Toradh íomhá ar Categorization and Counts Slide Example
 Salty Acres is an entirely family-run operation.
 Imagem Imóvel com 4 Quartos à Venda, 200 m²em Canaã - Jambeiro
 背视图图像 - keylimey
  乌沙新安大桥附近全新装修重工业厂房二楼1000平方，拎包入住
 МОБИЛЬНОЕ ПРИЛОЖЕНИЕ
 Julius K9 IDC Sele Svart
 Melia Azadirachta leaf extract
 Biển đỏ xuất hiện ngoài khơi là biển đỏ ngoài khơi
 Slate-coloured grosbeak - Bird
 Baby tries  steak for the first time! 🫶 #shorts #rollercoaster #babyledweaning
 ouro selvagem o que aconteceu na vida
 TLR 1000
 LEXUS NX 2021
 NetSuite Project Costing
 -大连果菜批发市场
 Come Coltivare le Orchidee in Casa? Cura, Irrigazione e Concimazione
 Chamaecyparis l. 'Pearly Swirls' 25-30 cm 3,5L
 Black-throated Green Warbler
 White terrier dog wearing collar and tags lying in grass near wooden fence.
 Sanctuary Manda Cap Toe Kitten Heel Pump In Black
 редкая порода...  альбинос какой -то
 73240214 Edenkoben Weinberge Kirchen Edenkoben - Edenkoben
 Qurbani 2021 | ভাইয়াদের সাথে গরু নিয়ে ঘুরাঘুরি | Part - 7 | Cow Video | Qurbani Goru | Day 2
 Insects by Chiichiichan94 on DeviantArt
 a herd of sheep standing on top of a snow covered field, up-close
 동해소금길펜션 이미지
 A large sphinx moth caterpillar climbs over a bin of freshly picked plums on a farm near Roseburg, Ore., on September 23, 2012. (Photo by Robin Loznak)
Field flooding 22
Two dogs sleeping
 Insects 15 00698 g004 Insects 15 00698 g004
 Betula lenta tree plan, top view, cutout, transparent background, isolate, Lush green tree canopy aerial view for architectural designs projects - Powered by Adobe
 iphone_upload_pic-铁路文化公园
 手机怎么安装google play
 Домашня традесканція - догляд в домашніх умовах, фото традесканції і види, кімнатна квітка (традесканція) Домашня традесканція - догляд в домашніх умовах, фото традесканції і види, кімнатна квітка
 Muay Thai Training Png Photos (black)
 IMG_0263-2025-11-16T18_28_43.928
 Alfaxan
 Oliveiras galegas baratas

******

What to work on:
Copy each line from the records above that includes the string "near".

Answer to this exercise:
 White terrier dog wearing collar and tags lying in grass near wooden fence.
 A large sphinx moth caterpillar climbs over a bin of freshly picked plums on a farm near Roseburg, Ore., on September 23, 2012. (Photo by Robin Loznak)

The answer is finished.